Canadian singer Dave Carroll became an instant hit on YouTube when he recorded and published the song “United Breaks Guitars”. The video describing how United Airlines broke his guitar, has been viewed 5.8 million times and has become a great case story for how consumers are putting pressure on businesses via social media.

To add insult to injury, apparently United once again managed to mess up a trip for Carroll. The New York Times writes that United lost Carroll’s bag on a recent trip to Denver.

In an interview, Mr. Carroll said that for more than an hour on Sunday, he was told he could not leave the international baggage claim area at Denver International Airport, where he had flown from Saskatchewan. He said he had been told to stay because his bag was delayed, not lost, and he had to be there to claim it when it came down the conveyor belt.

“I’m the only person pacing around this room,” Mr. Carroll said, recalling how he was caught between an order from United staff members to stay and collect his bag, and a federal customs official telling him he had to leave the baggage claim area. The bag never showed.

A United Airlines spokeswoman, Robin Urbanski, said, “We will fully investigate what regretfully happened.”

Social media like blogs and Twitter enable individual consumers to voice their opinions against brands and companies. From a consumer perspective I think this is mainly positive because it gives consumers more power in a relationship that previously was dominated by companies. David is closing in on Goliath. And most incidents where bloggers write really negative comments about brands, they are doing it as a last resource. They’ve tried all the normal routes for customer complaints without success and eventually make a final effort by taking their anger out on their blogs.

Norwegian blogger Vampus today blogged about the Carroll/United kerfuffle. She writes that social media can be used as black mail against politicians, businesses and organizations, but where only part of the truth is revealed. That may very well happen from time to time, which is why companies must not automatically surrender to criticism just because it is published on a blog. The customer is not always right and if you believe the blogger does not have a case, you should say so.

A terrific example of an organization that faced serious allegations from a blogger, and handled it well, is the TSA, the U.S. Transportation Security Administration. In a blog post headlined “tsa agents took my son”, a blogger claims her son was taken away from her during several minutes by TSA agents at Atlanta Hartsfield-Jackson airport. But the TSA did not just apologize or admit wrong-doing just like that. Instead it investigated the accusations and published the findings on its blog, with CCTV footage and everything (first one video, then nine other from different angles), which showed that the claims were not true. As a result, the blogger backed down and apologized.

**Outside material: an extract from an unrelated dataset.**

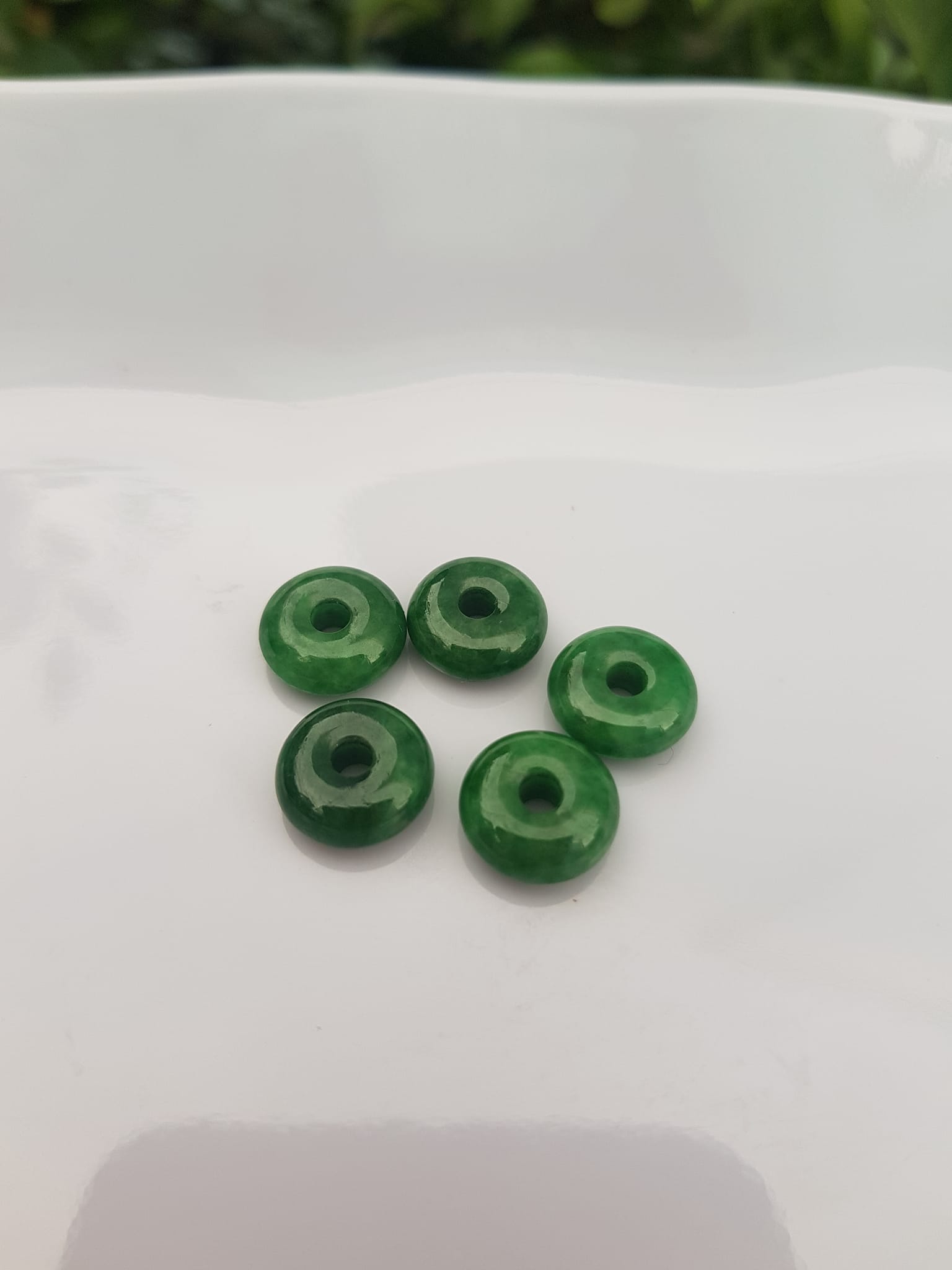 Bộ 5 đồng tiền đá cẩm thạch tự nhiên xanh ngọc đậm đều đẹp Nữ Phối vòng tay,mặt dây chuyền vàng đeo cực kỳ xinh xắn ạ Size hạt 9mm x dầy 3,8mm x lỗ ở giữa đk 2mm mệnh Thủy Mộc Hỏa ạ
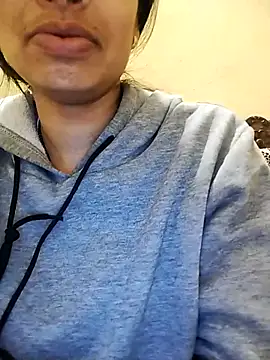 Snapshot of Fair-magic-woman chatting on 02-14-26, 04:18 Fair-magic-woman online show from 02-14-26, 04:18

I think TSA would not have been able to respond so cleverly if it had not had a blog, so if you are looking for arguments why your organization should start a blog, that might be one. All in all, consumer complaints on blogs and other social media channels are going to increase (a new example today in Sweden from a blogger attacking the bank Nordea). Businesses need to monitor such comments and manage some, but there is no need to panic. With a decent strategy in place you can even survive an attack from a blogger.